Un cas de sérendipité
Enfin, les chercheurs suisses ont eu une surprise, lorsque le mildiou s’est invité fortuitement dans leur expérience : « les individus les plus compétiteurs étaient plus sensibles à la maladie », raconte Samuel Wuest, tandis que les collaboratifs résistaient. « Un cas de sérendipité », de découverte inattendue. Et, pour en rajouter dans les mots rares, de pléiotropie, c’est-à-dire de capacité pour un même gène à agir sur plusieurs caractéristiques.
Cette dernière observation pose la question de la définition même du caractère collaboratif de la plante, dépendante des conditions d’expérimentation. Pour Samuel Wuest, « le rendement reste une boîte noire, c’est une génétique très complexe, comme la taille chez les humains. On le perçoit de façon phénoménologique, mais il est difficile de savoir si notre interprétation est correcte, ce qui peut être frustrant ».
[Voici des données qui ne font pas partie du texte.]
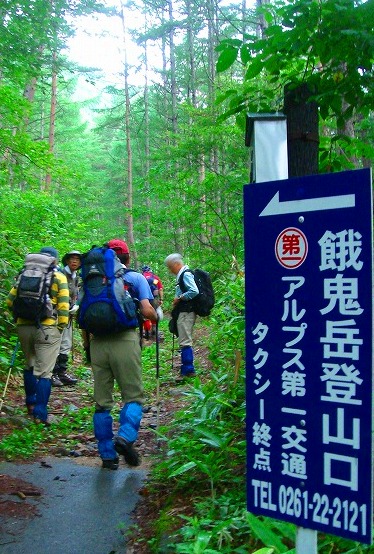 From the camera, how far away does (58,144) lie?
34875 mm

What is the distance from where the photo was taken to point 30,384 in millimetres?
6828

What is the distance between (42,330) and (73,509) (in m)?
2.79

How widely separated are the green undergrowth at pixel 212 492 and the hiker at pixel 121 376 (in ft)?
1.31

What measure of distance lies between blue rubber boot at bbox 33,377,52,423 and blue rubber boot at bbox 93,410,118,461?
1.55 meters

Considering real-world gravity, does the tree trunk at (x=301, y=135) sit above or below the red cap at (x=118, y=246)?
above

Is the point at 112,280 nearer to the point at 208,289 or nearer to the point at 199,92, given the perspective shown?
the point at 208,289

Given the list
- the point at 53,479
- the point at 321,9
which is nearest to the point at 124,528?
the point at 53,479

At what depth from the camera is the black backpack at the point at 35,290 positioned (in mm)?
6438

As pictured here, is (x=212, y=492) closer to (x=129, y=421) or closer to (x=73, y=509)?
(x=73, y=509)

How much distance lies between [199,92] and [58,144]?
31.9 feet

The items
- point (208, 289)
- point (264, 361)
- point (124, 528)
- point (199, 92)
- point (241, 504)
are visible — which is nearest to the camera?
point (264, 361)

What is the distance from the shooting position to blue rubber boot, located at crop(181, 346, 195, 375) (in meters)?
8.73

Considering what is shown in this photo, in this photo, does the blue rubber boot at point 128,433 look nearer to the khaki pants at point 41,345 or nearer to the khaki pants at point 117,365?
the khaki pants at point 117,365

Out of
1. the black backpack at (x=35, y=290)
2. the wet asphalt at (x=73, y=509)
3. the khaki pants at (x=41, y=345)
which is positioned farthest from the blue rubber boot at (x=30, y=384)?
the wet asphalt at (x=73, y=509) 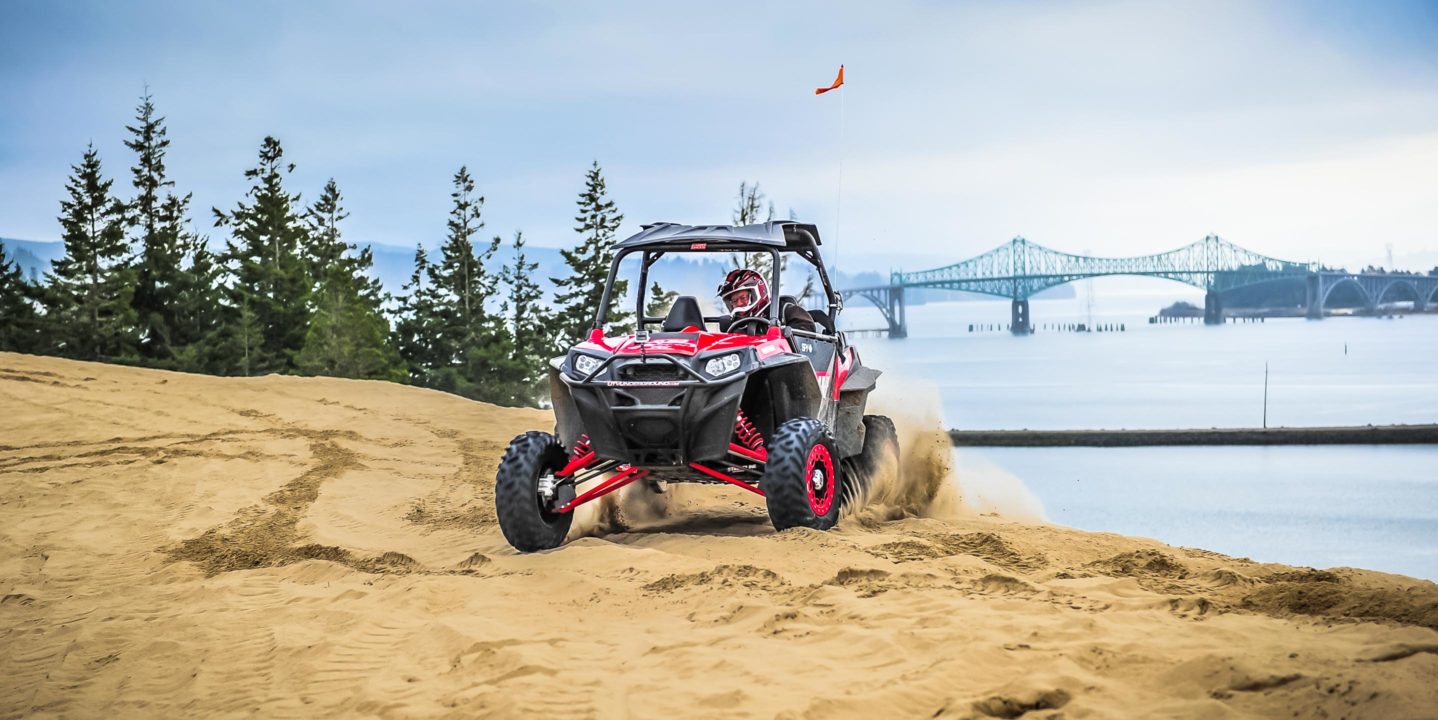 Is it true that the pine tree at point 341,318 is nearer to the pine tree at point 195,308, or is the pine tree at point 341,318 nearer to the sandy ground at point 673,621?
the pine tree at point 195,308

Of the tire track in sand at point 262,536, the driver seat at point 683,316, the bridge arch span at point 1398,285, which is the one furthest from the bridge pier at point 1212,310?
the driver seat at point 683,316

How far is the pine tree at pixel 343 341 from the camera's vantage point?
59.7 metres

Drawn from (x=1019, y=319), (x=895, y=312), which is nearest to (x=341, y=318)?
(x=895, y=312)

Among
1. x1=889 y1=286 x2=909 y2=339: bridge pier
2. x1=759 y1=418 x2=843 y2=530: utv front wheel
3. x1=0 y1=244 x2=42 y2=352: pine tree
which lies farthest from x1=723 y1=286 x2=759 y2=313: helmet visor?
x1=889 y1=286 x2=909 y2=339: bridge pier

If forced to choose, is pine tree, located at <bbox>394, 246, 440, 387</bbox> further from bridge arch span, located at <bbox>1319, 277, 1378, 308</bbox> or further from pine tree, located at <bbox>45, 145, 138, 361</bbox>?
bridge arch span, located at <bbox>1319, 277, 1378, 308</bbox>

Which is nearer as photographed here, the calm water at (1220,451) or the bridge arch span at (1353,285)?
the calm water at (1220,451)

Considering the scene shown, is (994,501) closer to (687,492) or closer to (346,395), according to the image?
(687,492)

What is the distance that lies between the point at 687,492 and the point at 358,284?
71.6 metres

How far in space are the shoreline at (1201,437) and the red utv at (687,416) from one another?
3713 centimetres

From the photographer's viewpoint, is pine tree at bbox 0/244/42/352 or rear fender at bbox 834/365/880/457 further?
pine tree at bbox 0/244/42/352

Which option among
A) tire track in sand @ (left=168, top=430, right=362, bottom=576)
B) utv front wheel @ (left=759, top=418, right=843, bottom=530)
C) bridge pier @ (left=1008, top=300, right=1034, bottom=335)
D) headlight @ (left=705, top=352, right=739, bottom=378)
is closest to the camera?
utv front wheel @ (left=759, top=418, right=843, bottom=530)

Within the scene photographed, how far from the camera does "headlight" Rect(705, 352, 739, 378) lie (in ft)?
34.3

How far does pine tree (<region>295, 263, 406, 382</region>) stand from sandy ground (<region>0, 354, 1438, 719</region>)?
46.7m

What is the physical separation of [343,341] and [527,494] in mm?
53846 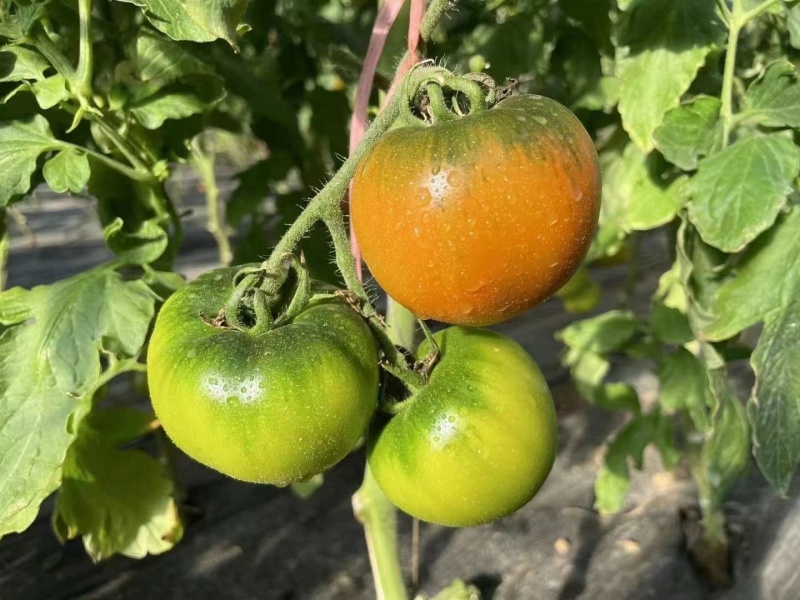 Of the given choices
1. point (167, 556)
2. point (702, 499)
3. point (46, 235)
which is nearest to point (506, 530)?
point (702, 499)

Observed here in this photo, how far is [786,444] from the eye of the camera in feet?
2.10

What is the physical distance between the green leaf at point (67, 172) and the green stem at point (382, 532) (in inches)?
13.7

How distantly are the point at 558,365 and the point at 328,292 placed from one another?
1.60m

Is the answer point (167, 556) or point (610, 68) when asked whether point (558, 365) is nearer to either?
point (610, 68)

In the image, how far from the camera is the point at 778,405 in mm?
644

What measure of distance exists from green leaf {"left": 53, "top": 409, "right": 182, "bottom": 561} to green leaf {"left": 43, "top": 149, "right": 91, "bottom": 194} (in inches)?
11.8

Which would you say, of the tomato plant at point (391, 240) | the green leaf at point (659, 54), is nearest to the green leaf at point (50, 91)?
the tomato plant at point (391, 240)

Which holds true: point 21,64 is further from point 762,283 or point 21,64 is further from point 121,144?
point 762,283

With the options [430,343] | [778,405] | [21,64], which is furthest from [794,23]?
[21,64]

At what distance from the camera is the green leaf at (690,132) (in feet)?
2.55

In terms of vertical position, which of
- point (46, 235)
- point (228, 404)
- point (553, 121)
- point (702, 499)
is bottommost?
point (46, 235)

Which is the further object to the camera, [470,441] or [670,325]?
[670,325]

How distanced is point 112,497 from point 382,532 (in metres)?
0.40

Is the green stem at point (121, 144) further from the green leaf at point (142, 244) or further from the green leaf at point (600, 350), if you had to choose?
the green leaf at point (600, 350) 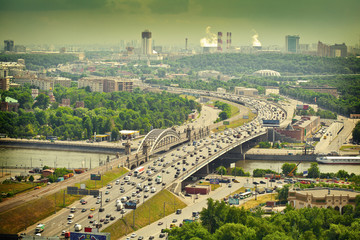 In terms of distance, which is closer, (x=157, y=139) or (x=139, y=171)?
(x=139, y=171)

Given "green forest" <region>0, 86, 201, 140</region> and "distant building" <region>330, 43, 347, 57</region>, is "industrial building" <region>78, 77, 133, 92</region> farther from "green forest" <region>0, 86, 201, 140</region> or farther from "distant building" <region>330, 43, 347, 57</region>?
"distant building" <region>330, 43, 347, 57</region>

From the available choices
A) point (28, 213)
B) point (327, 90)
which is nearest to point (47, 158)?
point (28, 213)

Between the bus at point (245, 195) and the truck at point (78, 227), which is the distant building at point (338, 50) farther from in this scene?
the truck at point (78, 227)

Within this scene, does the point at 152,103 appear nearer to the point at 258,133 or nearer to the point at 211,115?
the point at 211,115

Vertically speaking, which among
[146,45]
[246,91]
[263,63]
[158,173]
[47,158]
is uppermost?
[146,45]

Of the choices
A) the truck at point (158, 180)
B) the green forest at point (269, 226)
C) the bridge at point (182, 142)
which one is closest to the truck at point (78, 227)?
the green forest at point (269, 226)

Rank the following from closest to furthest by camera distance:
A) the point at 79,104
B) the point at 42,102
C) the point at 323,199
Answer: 1. the point at 323,199
2. the point at 42,102
3. the point at 79,104

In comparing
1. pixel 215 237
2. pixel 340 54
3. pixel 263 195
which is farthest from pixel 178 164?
pixel 340 54

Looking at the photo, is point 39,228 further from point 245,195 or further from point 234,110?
point 234,110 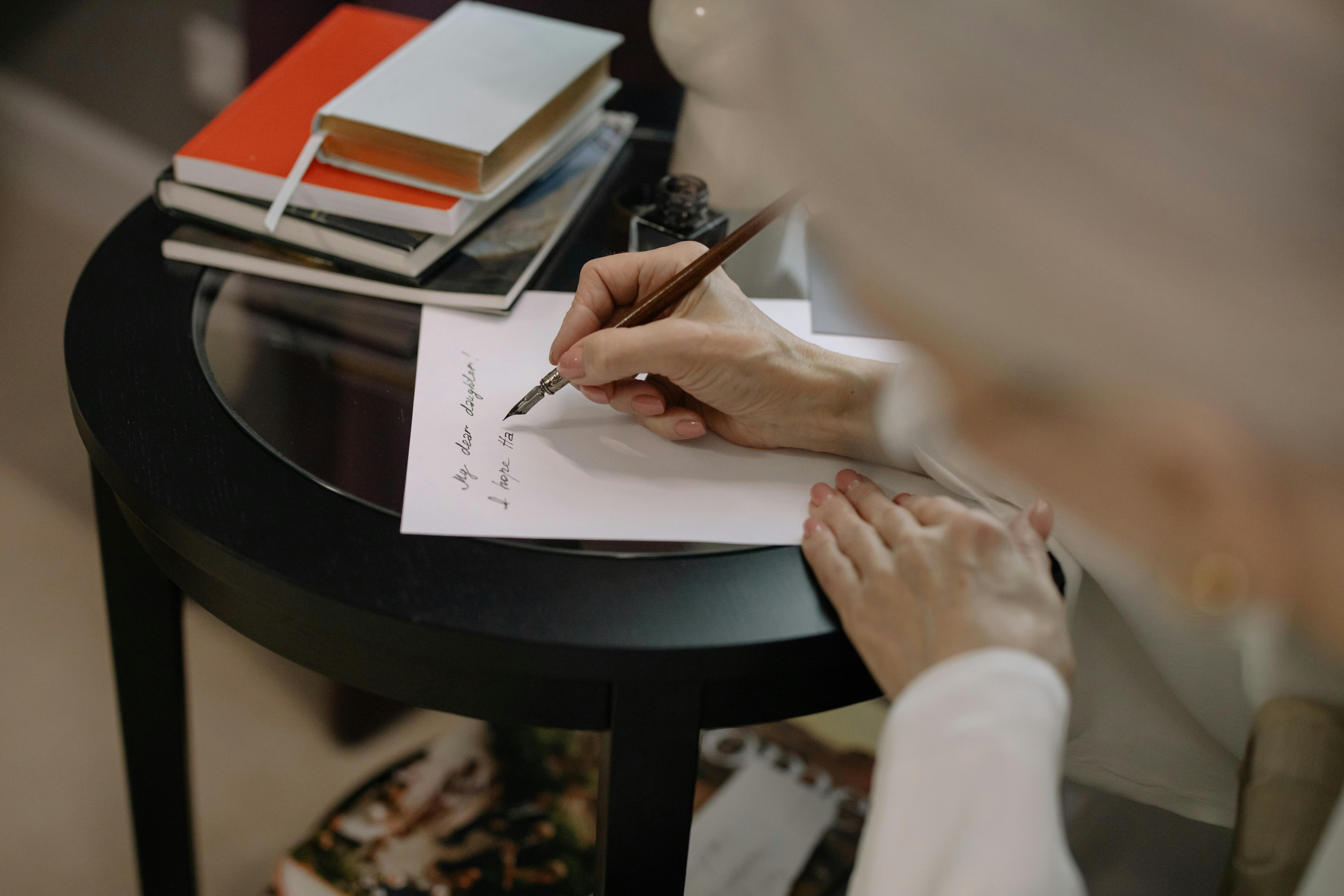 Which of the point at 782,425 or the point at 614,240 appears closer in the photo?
the point at 782,425

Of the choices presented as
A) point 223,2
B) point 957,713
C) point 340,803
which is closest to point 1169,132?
point 957,713

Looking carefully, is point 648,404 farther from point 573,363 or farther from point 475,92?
point 475,92

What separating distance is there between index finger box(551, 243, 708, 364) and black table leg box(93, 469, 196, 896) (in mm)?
334

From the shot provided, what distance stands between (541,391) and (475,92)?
0.30 metres

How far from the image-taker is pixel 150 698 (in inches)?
32.1

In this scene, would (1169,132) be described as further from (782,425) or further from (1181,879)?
(1181,879)

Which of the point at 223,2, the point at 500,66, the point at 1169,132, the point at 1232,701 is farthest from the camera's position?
the point at 223,2

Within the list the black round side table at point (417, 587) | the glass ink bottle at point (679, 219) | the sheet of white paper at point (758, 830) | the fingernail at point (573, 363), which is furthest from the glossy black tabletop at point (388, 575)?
the sheet of white paper at point (758, 830)

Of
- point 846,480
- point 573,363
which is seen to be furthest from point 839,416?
point 573,363

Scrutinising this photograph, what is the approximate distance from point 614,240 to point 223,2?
2.03 metres

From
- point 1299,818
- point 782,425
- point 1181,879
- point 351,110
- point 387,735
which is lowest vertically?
point 387,735

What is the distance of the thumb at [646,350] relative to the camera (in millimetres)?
563

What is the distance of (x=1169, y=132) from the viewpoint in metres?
0.23

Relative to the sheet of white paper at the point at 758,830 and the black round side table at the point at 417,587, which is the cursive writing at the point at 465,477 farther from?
the sheet of white paper at the point at 758,830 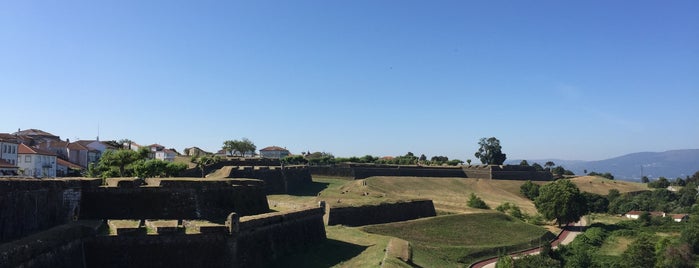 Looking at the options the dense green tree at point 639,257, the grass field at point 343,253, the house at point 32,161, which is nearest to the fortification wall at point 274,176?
the house at point 32,161

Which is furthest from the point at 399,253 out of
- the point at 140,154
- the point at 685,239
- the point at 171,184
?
the point at 685,239

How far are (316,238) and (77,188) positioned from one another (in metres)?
14.2

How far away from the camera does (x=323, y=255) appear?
1162 inches

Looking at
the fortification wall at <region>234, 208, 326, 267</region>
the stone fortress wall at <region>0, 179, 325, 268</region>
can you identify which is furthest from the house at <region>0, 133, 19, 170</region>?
the fortification wall at <region>234, 208, 326, 267</region>

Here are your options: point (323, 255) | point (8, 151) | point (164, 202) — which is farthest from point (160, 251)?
point (8, 151)

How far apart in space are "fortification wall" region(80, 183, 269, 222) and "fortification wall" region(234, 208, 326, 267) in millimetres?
2752

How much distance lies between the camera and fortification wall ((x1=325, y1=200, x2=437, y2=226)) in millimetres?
43000

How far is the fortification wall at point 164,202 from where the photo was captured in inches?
989

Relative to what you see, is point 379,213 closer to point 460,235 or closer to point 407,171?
point 460,235

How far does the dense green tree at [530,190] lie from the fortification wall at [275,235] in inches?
2386

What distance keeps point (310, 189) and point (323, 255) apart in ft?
125

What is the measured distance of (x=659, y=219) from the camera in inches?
2945

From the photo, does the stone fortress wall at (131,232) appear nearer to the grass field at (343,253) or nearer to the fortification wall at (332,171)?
the grass field at (343,253)

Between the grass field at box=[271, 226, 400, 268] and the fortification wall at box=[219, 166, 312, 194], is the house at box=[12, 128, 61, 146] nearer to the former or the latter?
the fortification wall at box=[219, 166, 312, 194] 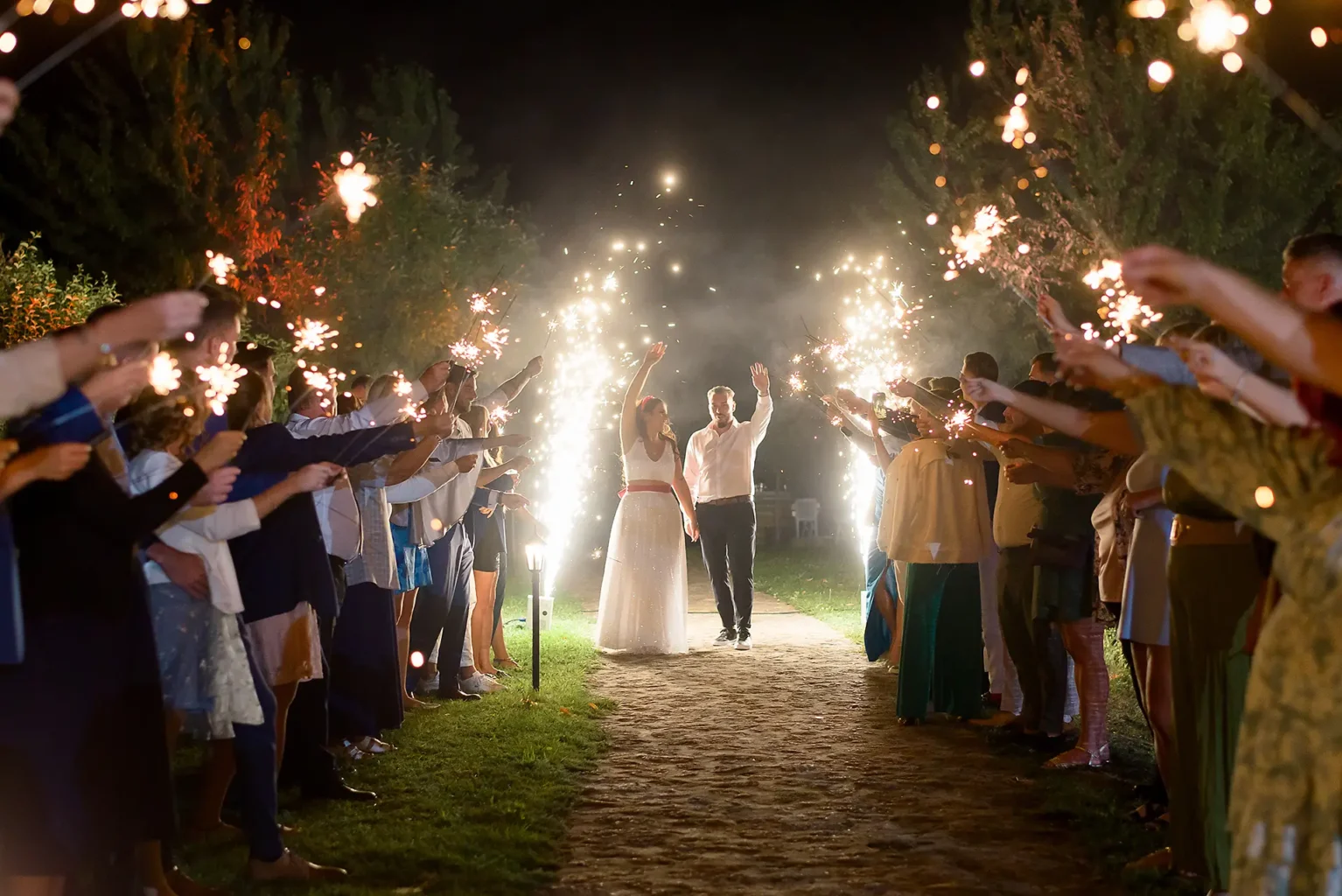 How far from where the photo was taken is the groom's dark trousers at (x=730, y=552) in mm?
11828

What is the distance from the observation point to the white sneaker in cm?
898

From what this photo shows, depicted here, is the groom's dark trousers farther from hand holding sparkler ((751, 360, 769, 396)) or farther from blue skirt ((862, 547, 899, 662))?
blue skirt ((862, 547, 899, 662))

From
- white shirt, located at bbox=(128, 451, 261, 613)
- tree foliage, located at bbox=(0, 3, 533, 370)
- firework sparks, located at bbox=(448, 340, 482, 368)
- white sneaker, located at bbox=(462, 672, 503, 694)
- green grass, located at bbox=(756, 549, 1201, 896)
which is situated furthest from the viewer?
tree foliage, located at bbox=(0, 3, 533, 370)

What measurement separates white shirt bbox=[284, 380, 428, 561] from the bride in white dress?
4.83 metres

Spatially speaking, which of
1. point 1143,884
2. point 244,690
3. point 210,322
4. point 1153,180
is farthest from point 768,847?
point 1153,180

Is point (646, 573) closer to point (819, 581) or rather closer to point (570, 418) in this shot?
point (570, 418)

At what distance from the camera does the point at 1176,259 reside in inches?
109

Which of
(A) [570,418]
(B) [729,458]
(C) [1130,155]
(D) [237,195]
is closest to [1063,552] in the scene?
(B) [729,458]

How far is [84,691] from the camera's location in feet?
11.4

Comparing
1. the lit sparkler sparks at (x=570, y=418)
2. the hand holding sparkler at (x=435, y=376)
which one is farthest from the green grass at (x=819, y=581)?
the hand holding sparkler at (x=435, y=376)

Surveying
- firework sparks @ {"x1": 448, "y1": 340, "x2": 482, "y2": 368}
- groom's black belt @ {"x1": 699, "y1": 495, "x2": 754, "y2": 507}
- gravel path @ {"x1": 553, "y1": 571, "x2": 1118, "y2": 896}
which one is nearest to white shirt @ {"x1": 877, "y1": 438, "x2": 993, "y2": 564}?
gravel path @ {"x1": 553, "y1": 571, "x2": 1118, "y2": 896}

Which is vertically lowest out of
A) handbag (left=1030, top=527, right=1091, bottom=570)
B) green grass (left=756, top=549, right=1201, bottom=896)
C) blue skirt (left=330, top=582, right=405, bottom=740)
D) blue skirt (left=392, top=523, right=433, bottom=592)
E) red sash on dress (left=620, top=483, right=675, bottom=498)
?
green grass (left=756, top=549, right=1201, bottom=896)

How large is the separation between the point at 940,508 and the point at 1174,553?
11.2 feet

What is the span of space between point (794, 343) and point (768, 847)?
19098 mm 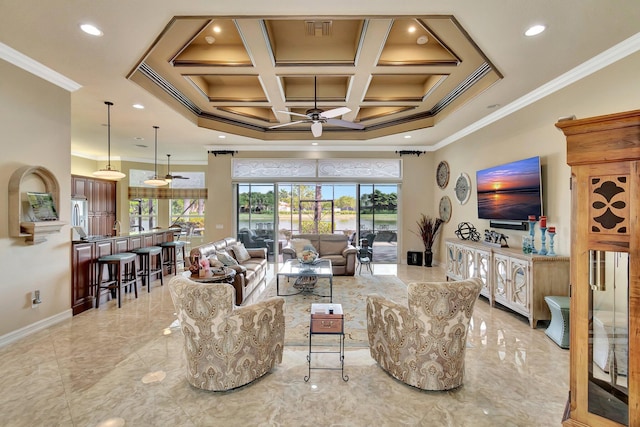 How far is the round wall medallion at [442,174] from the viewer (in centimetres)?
731

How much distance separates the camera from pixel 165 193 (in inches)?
394

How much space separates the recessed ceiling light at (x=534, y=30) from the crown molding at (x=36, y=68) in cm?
533

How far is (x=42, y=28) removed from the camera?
2.79 meters

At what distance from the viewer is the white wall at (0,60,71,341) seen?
3.26m

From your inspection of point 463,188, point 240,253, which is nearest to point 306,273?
point 240,253

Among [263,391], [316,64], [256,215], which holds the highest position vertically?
[316,64]

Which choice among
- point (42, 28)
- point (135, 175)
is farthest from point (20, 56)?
point (135, 175)

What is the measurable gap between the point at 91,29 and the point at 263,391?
3.68 m

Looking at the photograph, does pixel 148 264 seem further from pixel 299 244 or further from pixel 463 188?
pixel 463 188

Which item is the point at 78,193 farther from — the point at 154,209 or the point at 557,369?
the point at 557,369

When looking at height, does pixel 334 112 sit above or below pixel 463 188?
above

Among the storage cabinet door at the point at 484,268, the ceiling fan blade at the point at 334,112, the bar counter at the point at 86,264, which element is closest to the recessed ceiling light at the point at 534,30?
the ceiling fan blade at the point at 334,112

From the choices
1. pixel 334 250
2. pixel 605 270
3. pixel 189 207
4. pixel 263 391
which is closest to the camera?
pixel 605 270

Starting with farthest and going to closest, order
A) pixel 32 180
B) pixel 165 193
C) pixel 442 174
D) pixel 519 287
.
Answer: pixel 165 193 → pixel 442 174 → pixel 519 287 → pixel 32 180
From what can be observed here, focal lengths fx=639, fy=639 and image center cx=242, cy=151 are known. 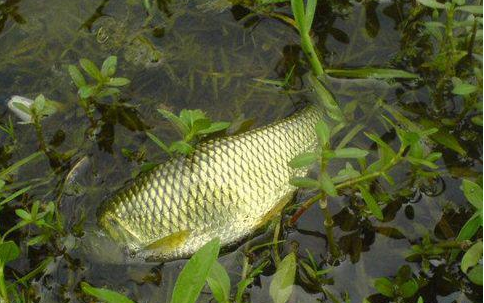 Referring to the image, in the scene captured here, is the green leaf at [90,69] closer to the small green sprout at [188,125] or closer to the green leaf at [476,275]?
the small green sprout at [188,125]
C’est une réserve partagée par Germain Montazeaud, qui travaille lui aussi sur ces questions de coopération chez les végétaux à l’université de Lausanne, et prépare une collaboration avec Samuel Wuest. « C’est un article stimulant, j’espère qu’il va être lu par les sélectionneurs de semences », dit-il. Il y a deux ans, alors en thèse à Montpellier, il avait cosigné une étude qui proposait une autre méthode de sélection de plantes coopératives, basé sur un modèle théorique assez différent dans son principe. La littérature scientifique sur la coopération chez les insectes sociaux, très riche, va lui servir de source d’inspiration pour la suite. « On est vraiment sur un front de science, mais la méthode proposée par les collègues suisses à l’avantage d’être utilisable “clés en main” par les sélectionneurs. »
Jay Biernaskie du département de génétique des cultures, au John Innes Centre de Norwich, au Royaume-Uni, a proposé il y a quelques mois une autre stratégie de sélection de plantes coopératives. Il estime aussi que, en principe, « la méthode pourrait être mise en œuvre par les semenciers ». Mais évaluer les performances individuelles d’une plante serait « bien plus laborieux » dans des essais en champ de grande échelle, note-t-il : « les sélectionneurs vont plus probablement continuer d’évaluer la productivité de groupes de lignées pures », ce qui est facile avec des moissonneuses, « même si le résultat est moins efficace ».
Pour lui, « l’idée la plus précieuse de cet article est peut-être d’encourager les sélectionneurs à continuer à chercher de nouveaux traits et gènes dans les populations sauvages. Certains peuvent être relativement rares dans la nature, avoir évolué pour une certaine fonction (par exemple de petits systèmes racinaires adaptés à un sol particulier), mais peuvent être cooptés comme un trait “coopératif” dans nos environnements de culture artificiels à haute densité ».
Samuel Wuest n’est pas non plus certain que les industriels soient mûrs pour adopter son approche. Il va la tester à Agroscope sur des espèces cultivées, d’abord sur la quatrième céréale au niveau mondial, le soja : « Il n’a pas progressé en densité au même degré que le riz, le blé ou le maïs », souligne-t-il. Sa révolution verte reste en partie à écrire.